Data:
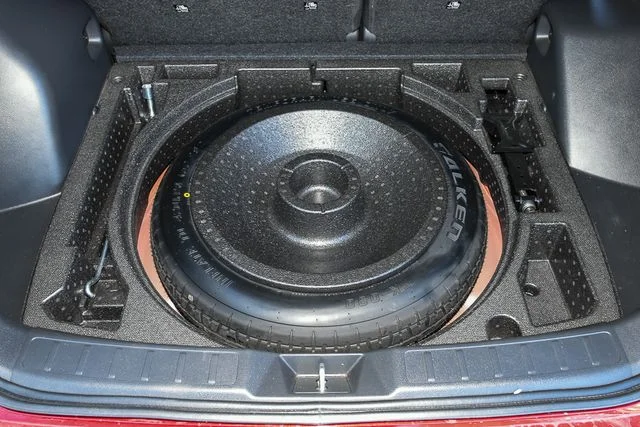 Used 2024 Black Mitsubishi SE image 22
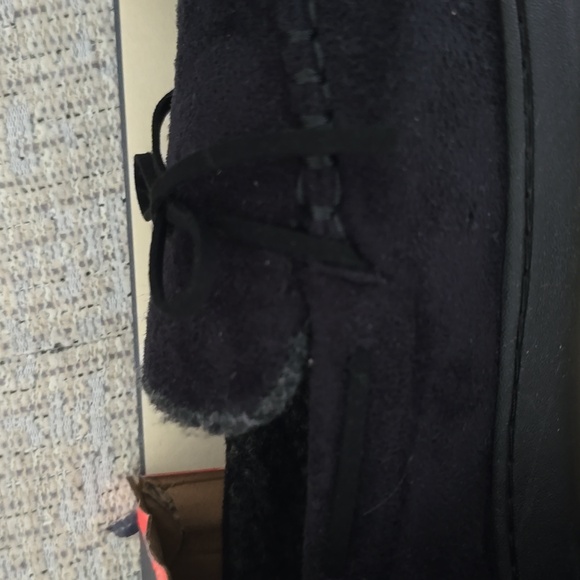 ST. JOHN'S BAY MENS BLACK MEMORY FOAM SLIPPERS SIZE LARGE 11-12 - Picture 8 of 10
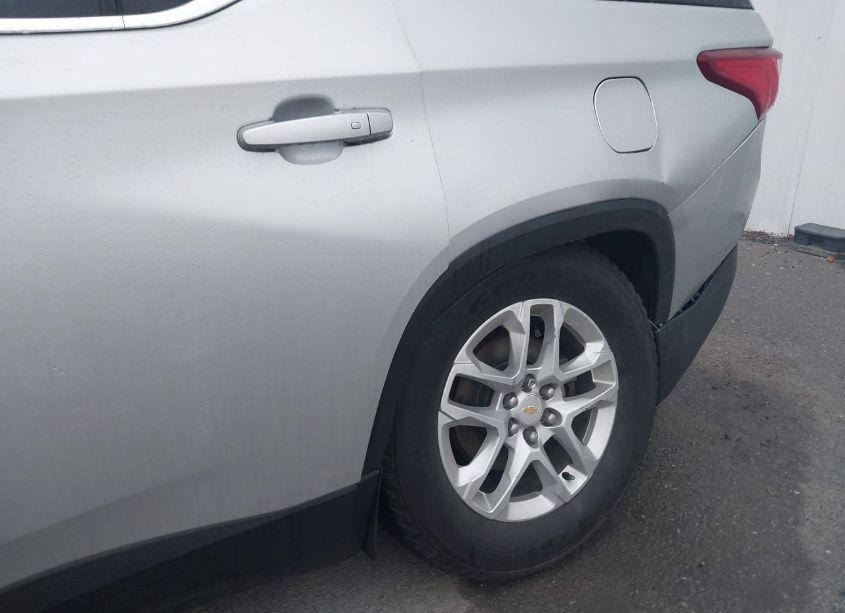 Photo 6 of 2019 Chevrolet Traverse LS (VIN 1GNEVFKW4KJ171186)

==

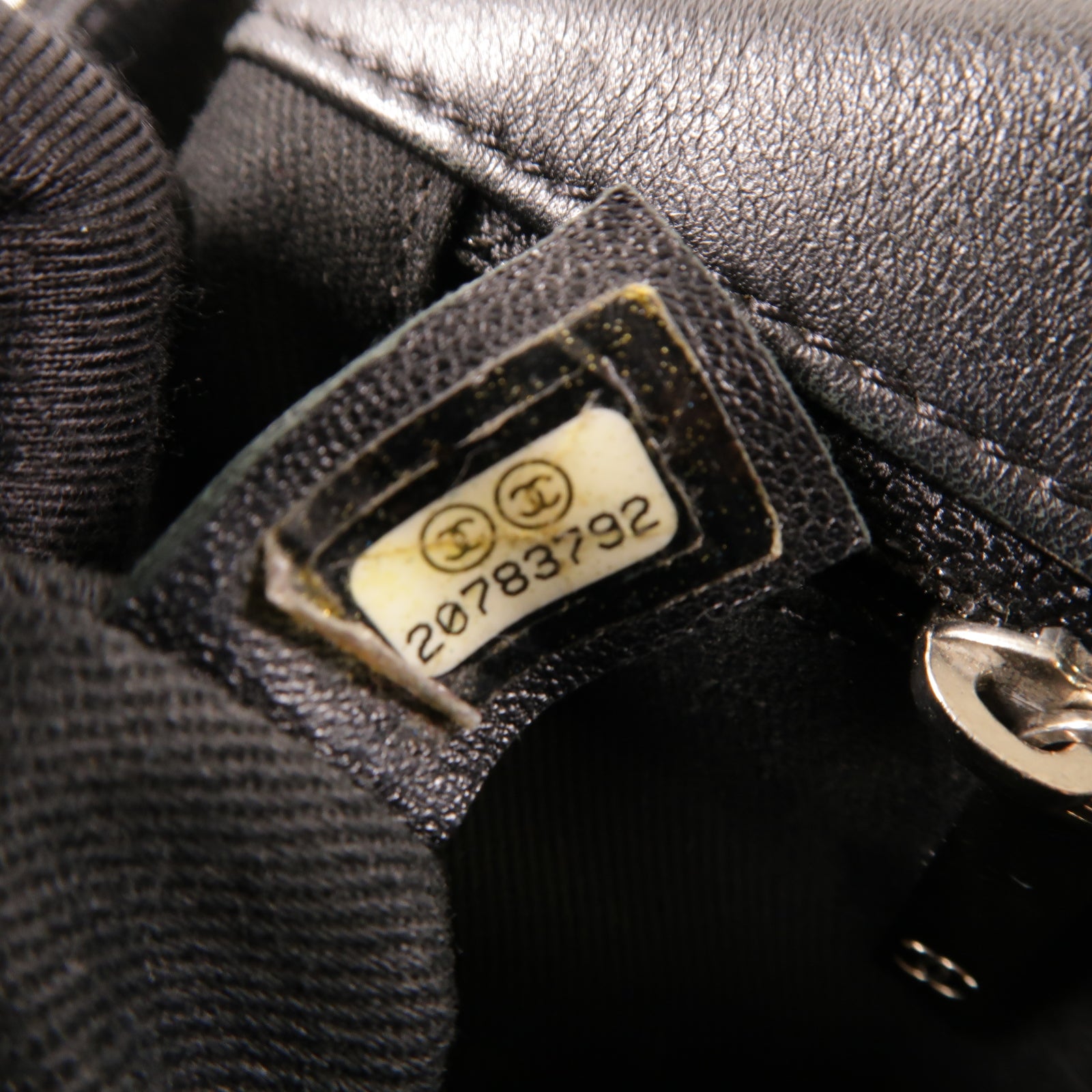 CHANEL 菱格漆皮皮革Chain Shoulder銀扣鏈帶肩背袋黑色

--

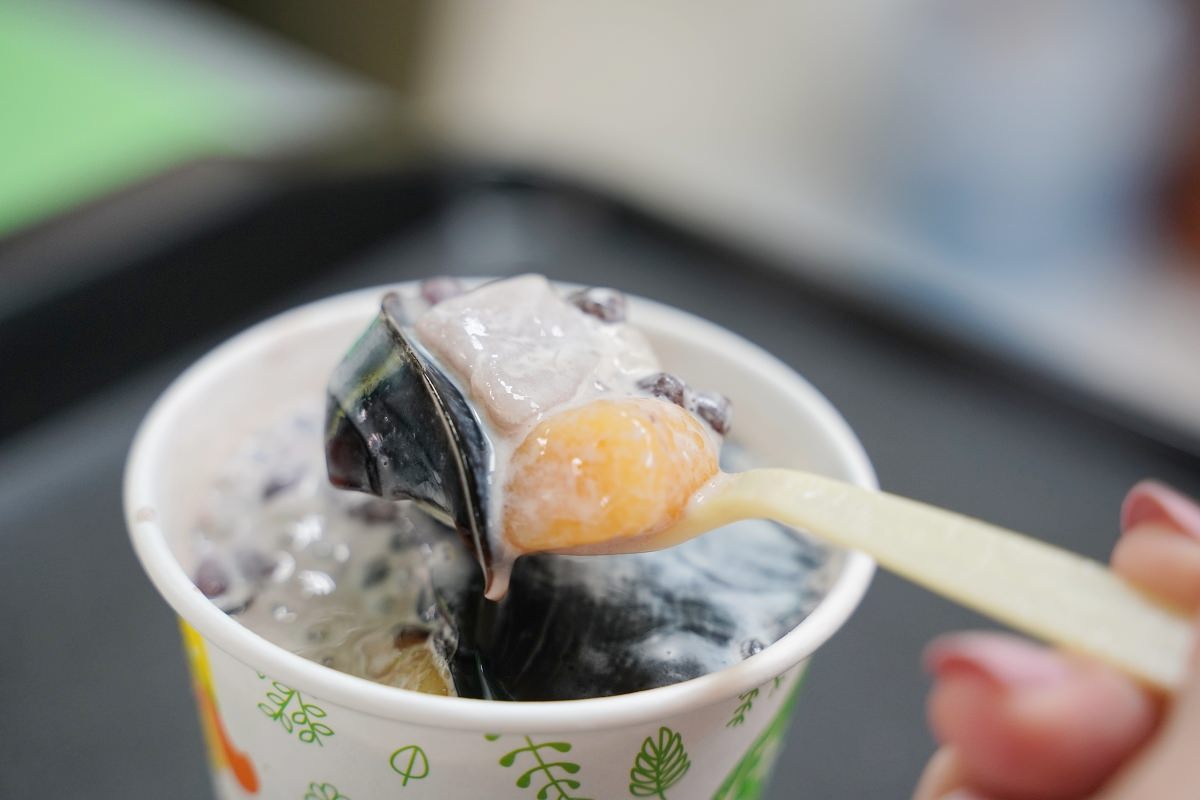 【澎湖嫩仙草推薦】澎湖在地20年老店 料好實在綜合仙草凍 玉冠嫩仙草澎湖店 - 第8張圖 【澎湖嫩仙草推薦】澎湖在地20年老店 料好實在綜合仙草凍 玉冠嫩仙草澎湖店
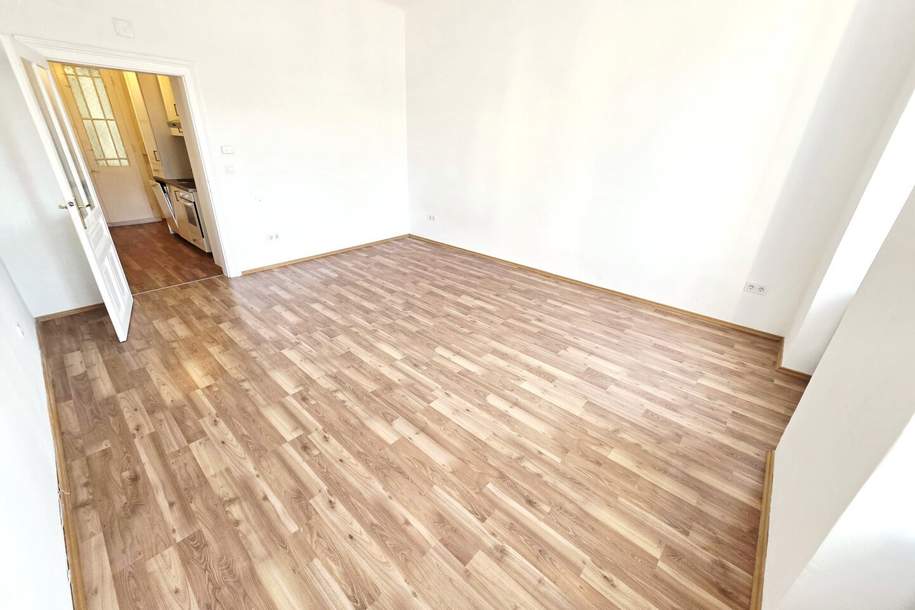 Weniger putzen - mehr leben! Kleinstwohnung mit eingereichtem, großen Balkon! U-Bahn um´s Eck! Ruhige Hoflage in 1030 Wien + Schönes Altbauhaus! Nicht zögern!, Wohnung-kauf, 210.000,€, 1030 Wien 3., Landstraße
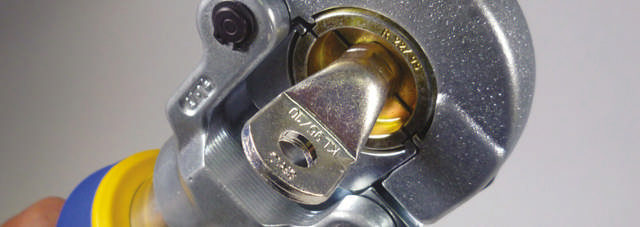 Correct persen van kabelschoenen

Work order: Leave out every picture, and copy exactly the lines above starting at the one holding "Weniger putzen - mehr" and ending at the one holding "Correct persen van kabelschoenen", no more and no less.

Solution to this task:
 Weniger putzen - mehr leben! Kleinstwohnung mit eingereichtem, großen Balkon! U-Bahn um´s Eck! Ruhige Hoflage in 1030 Wien + Schönes Altbauhaus! Nicht zögern!, Wohnung-kauf, 210.000,€, 1030 Wien 3., Landstraße
 Correct persen van kabelschoenen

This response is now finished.